▸ **Work required**: The result should be the lines from the one holding "1 Bed Condo" to the final line of the records below, repeated exactly and with no pictures.

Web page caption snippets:
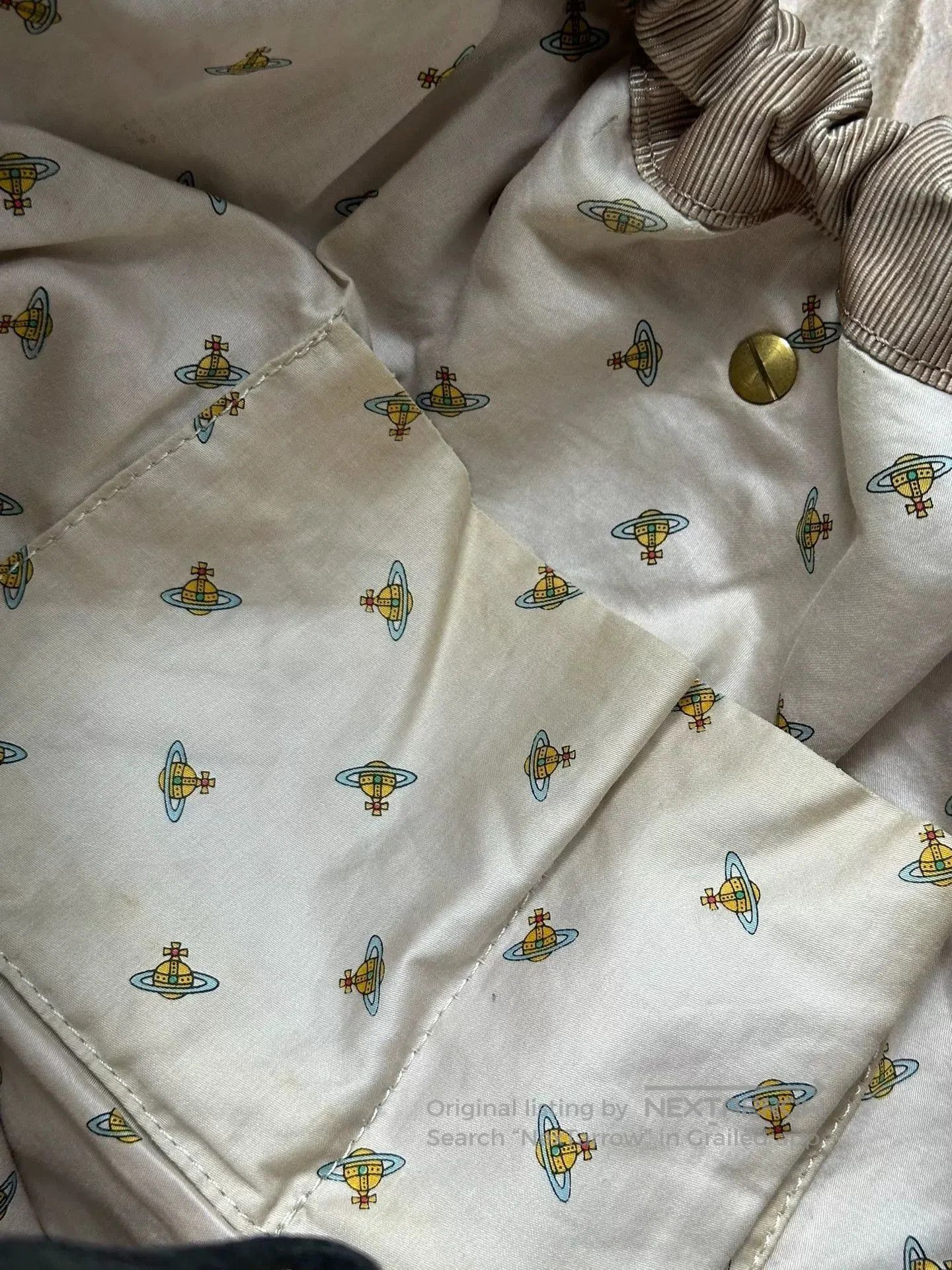 Vivienne Westwood Vivienne Westwood Large. Size ONE SIZE - 5 Thumbnail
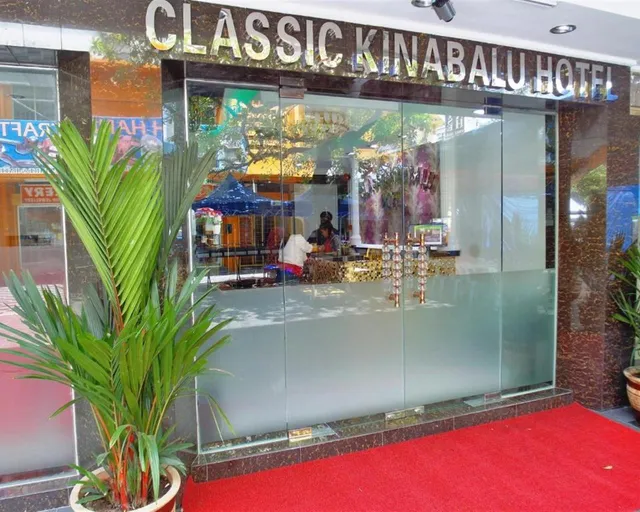 Classic Kinabalu Hotel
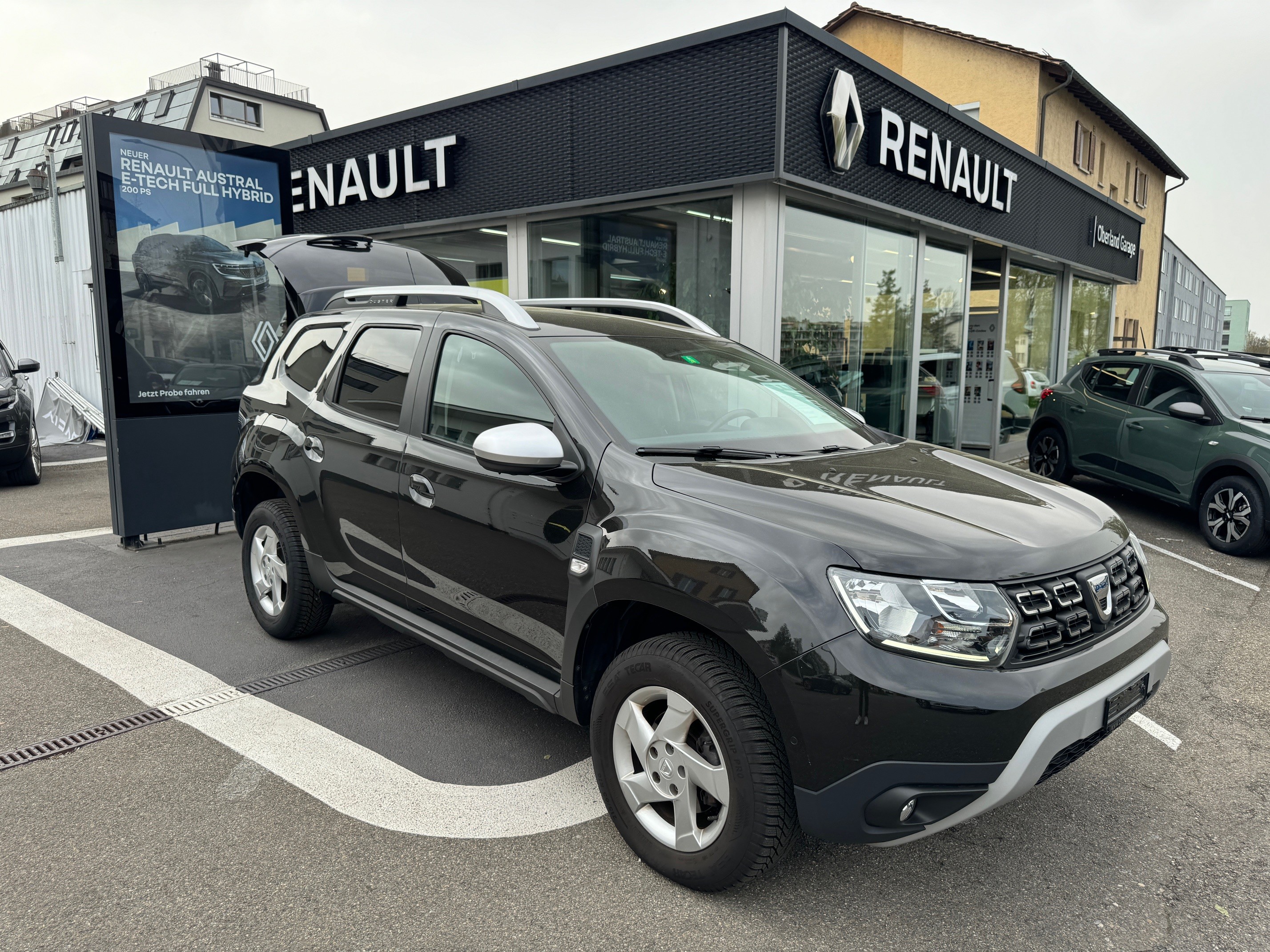 DACIA Duster TCe 130 Prestige 4x2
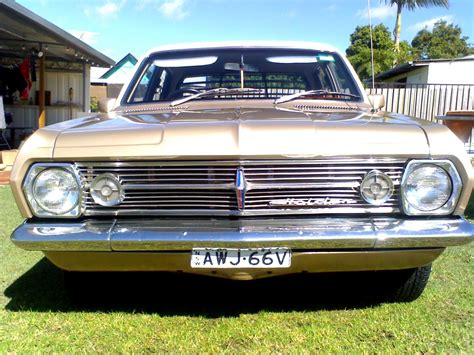 1967 Holden Hr Premier 186s Scooter1 Shannons Club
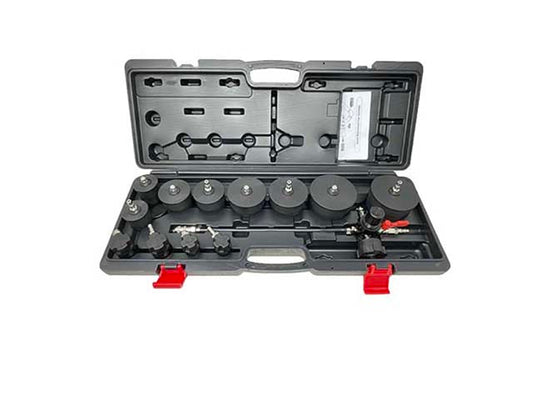Turbocharger Pressure Test Tool Kit by CTA Tools - fits 2018–present BMW G01 X3
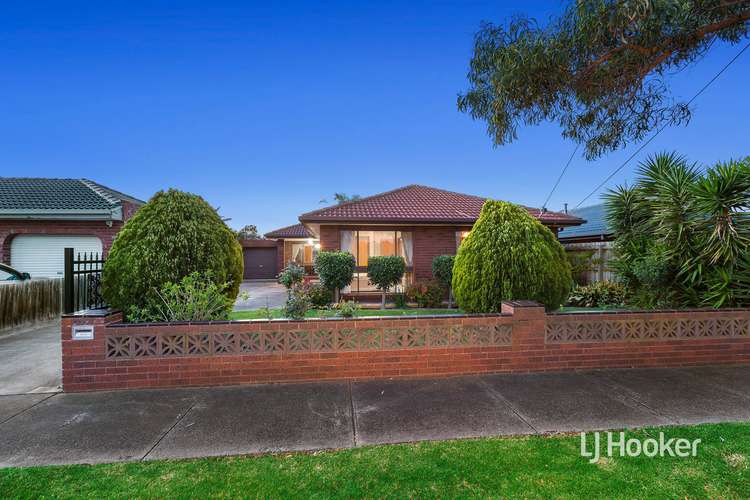 Second view of Homely house listing, 10 Hoddle Way, Altona Meadows VIC 3028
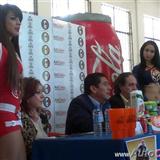 regio volks monterrey 2014, rueda de prensa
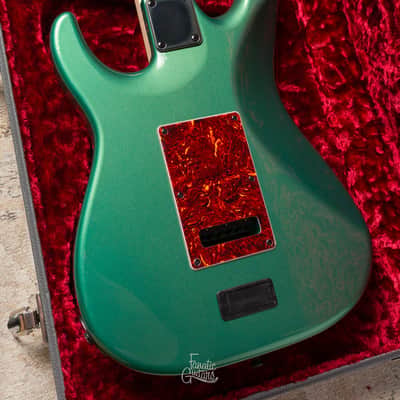 James Tyler Studio Elite HD - Emerald Green Metallic #25318 image 16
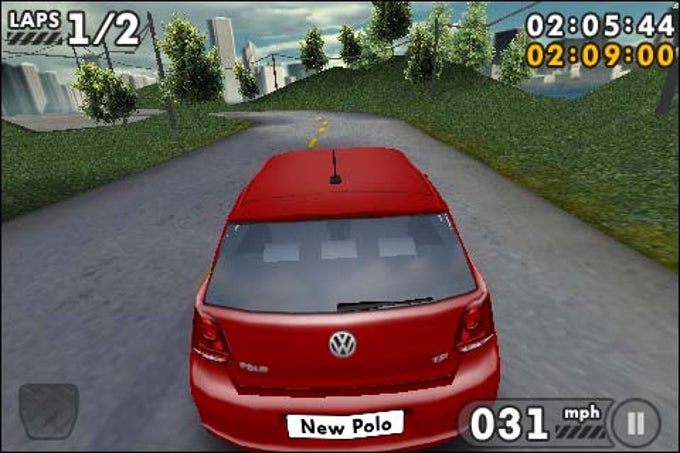 Volkswagen Polo Challenge 3D Volkswagen Polo Challenge 3D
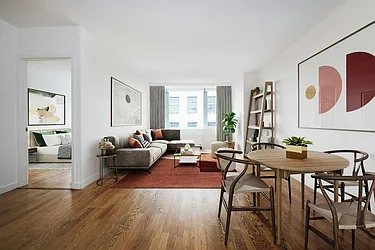 Rented by Bozzuto Management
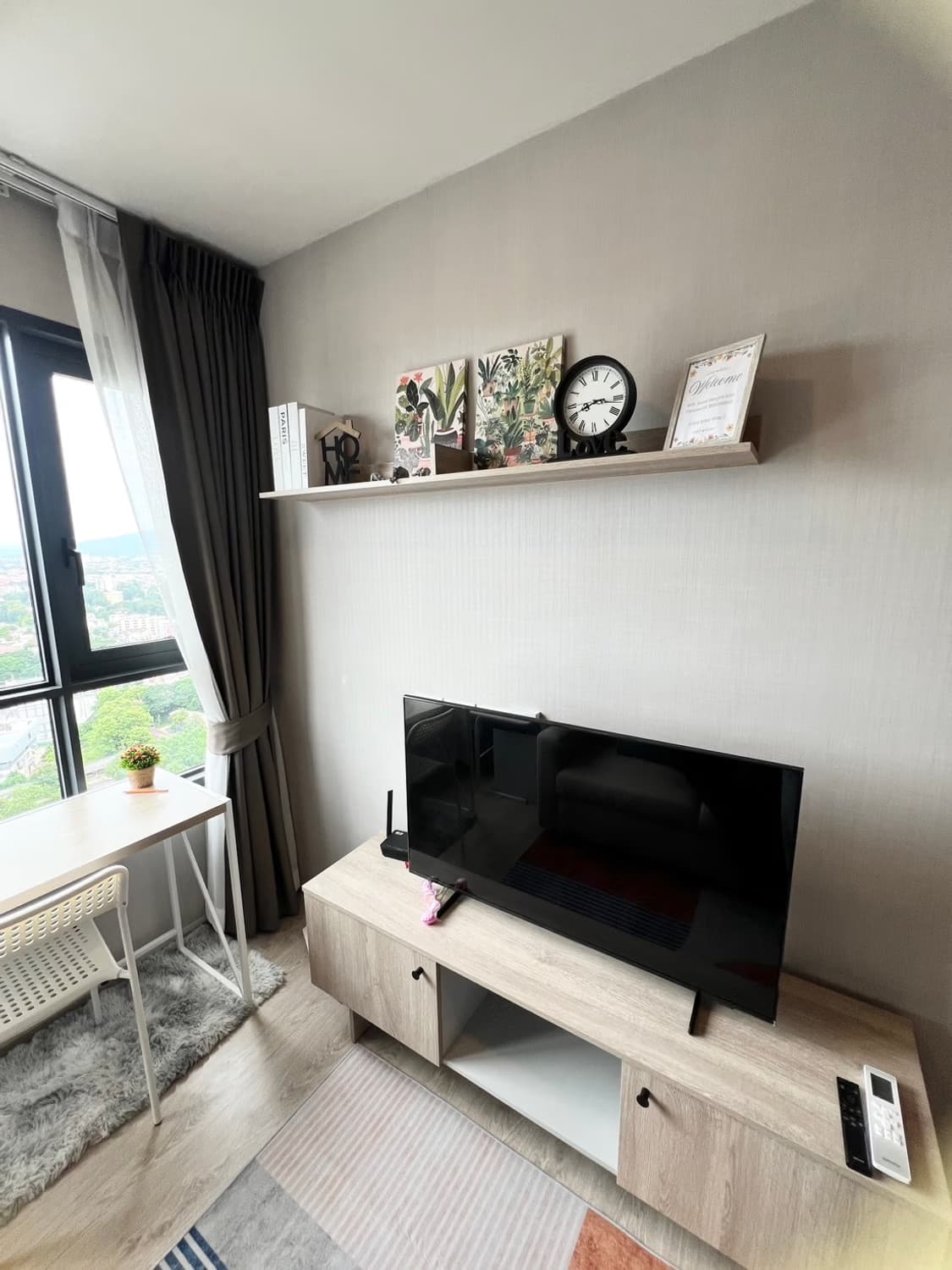1 Bed Condo for Rent in Mueang Chiang Mai - Image 9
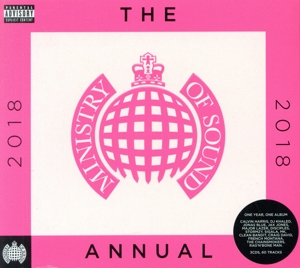 【輸入盤】The Annual 2018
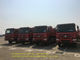 10 Wheeler Heavy Duty Dump Truck 6x4 40 Ton Tipper Dump Truck Engine WD615
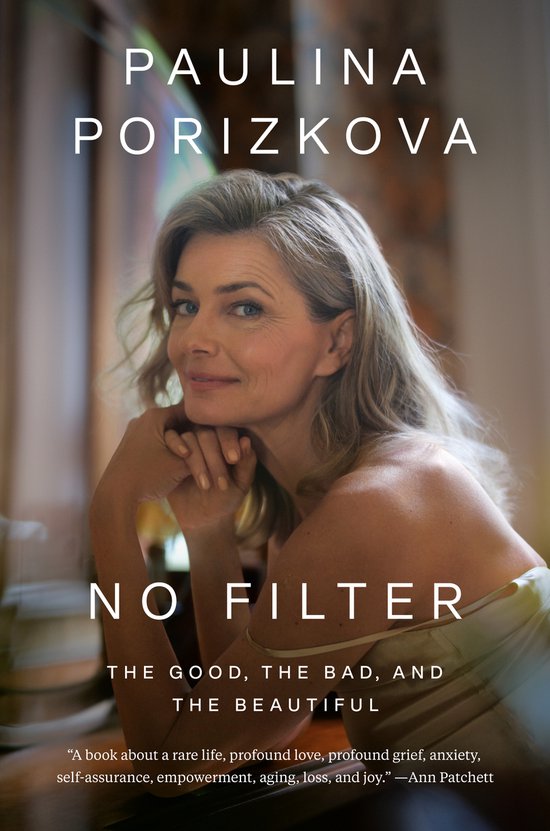 Paulina Porizkova No Filter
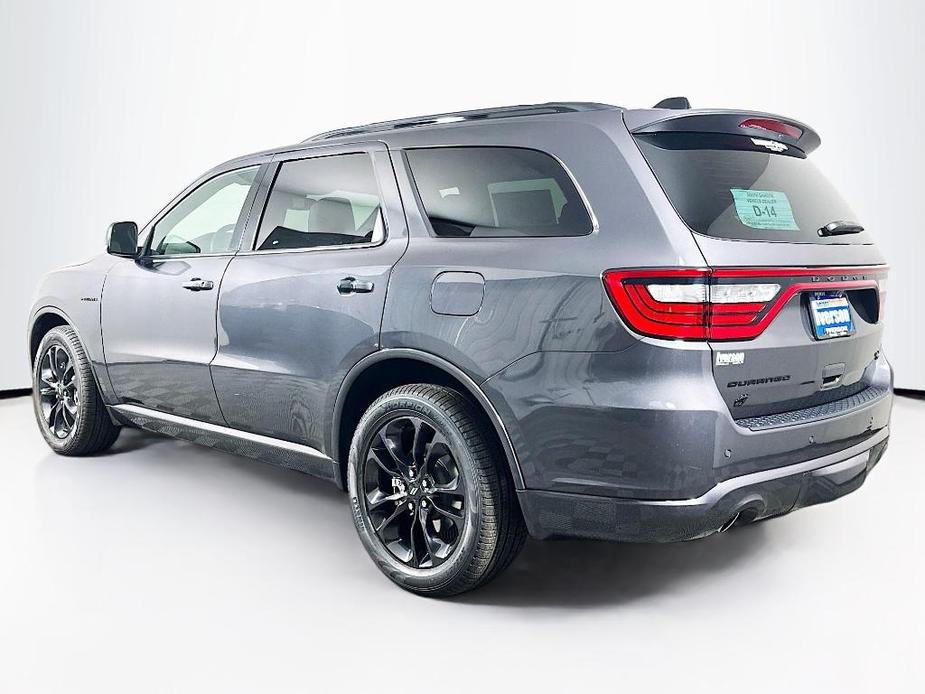 new 2025 Dodge Durango car, priced at $56,949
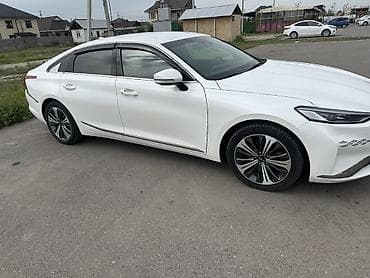 g tiger: Kia K8: 2021 г., 1.6 л, Автомат, Гибрид, Седан — 3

▸ **Reply**:
1 Bed Condo for Rent in Mueang Chiang Mai - Image 9
 【輸入盤】The Annual 2018
 10 Wheeler Heavy Duty Dump Truck 6x4 40 Ton Tipper Dump Truck Engine WD615
 Paulina Porizkova No Filter
 new 2025 Dodge Durango car, priced at $56,949
 g tiger: Kia K8: 2021 г., 1.6 л, Автомат, Гибрид, Седан — 3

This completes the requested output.